Information provided:

^^^^^^^^^^^^^^^^

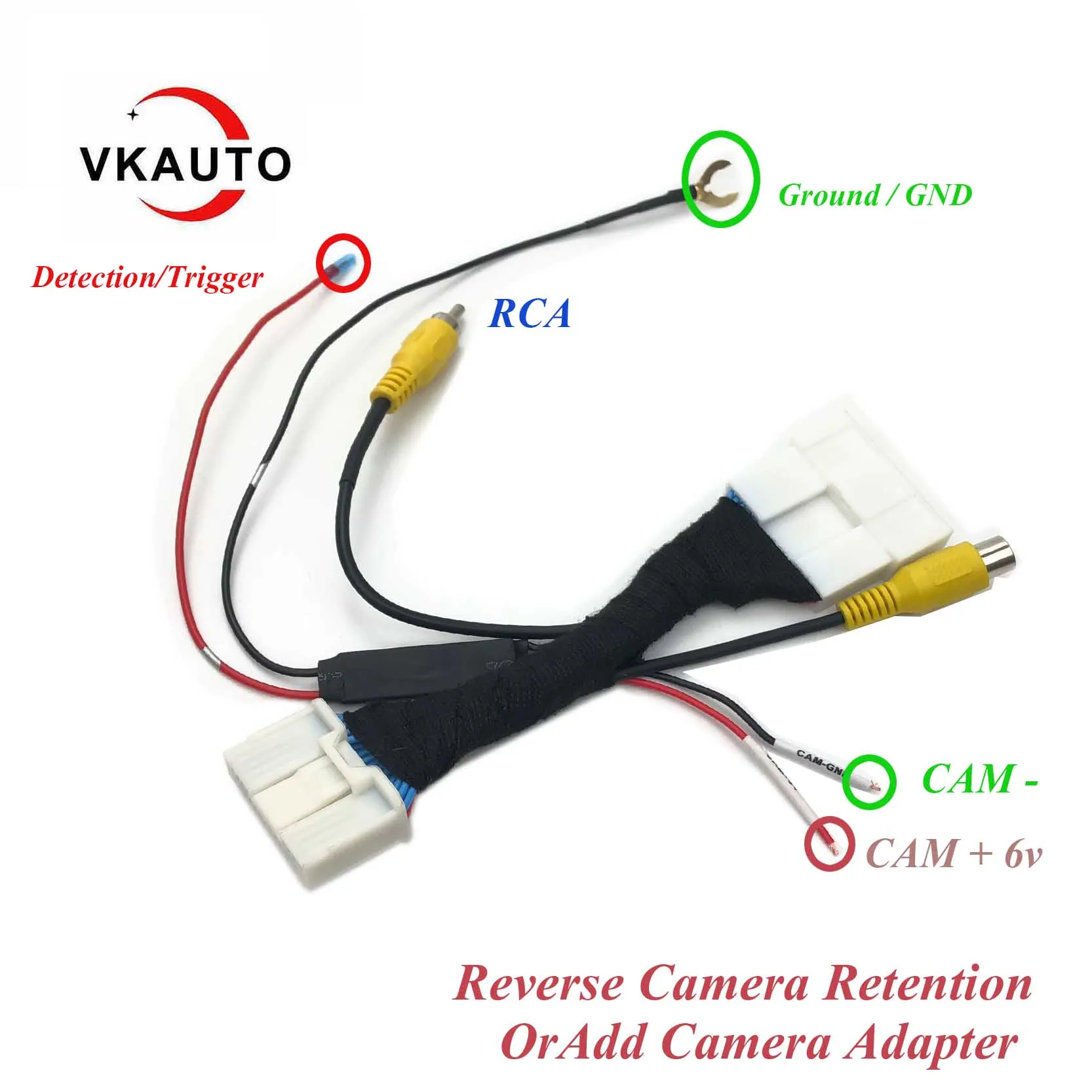 VKAUTO Rackup Camera Harness C24 Pin Cable For toyota Gen5 Gen 6 Reverse Camera Retention/Add Camera Adapter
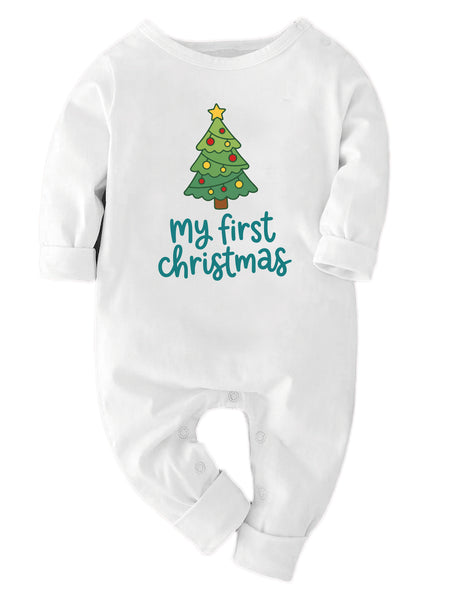 My First Christmas Tree Printed - Full Sleeve Bodysuit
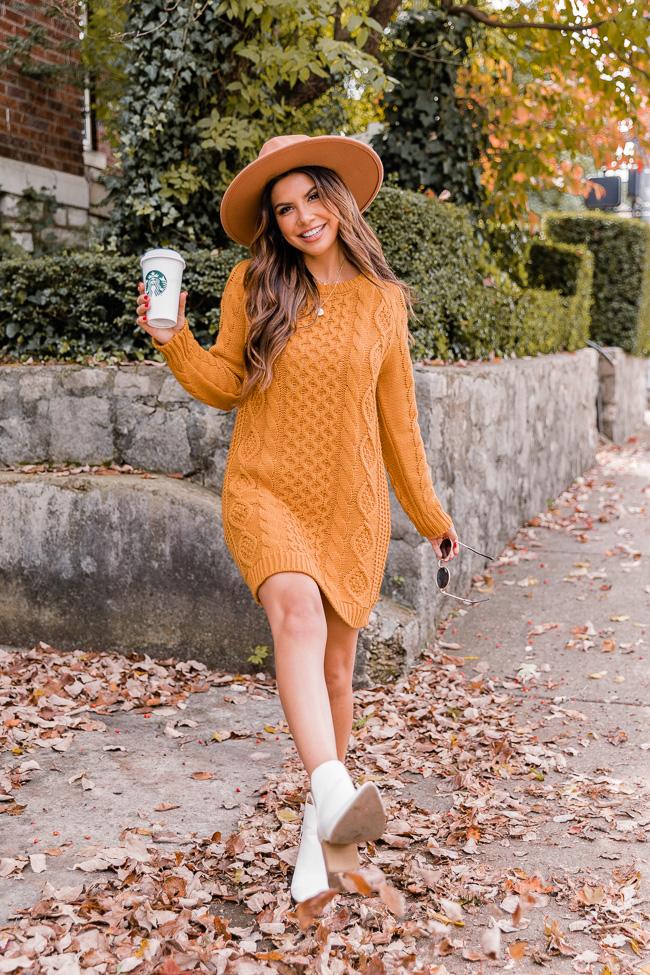 Wild Card Gold Cable Knit Sweater Dress FINAL SALE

^^^^^^^^^^^^^^^^

Task item: Find the line containing "My First Christmas" in the listing above. Please restate word for word that line through the last one, leaving out the pictures.

Exercise output:
 My First Christmas Tree Printed - Full Sleeve Bodysuit
 Wild Card Gold Cable Knit Sweater Dress FINAL SALE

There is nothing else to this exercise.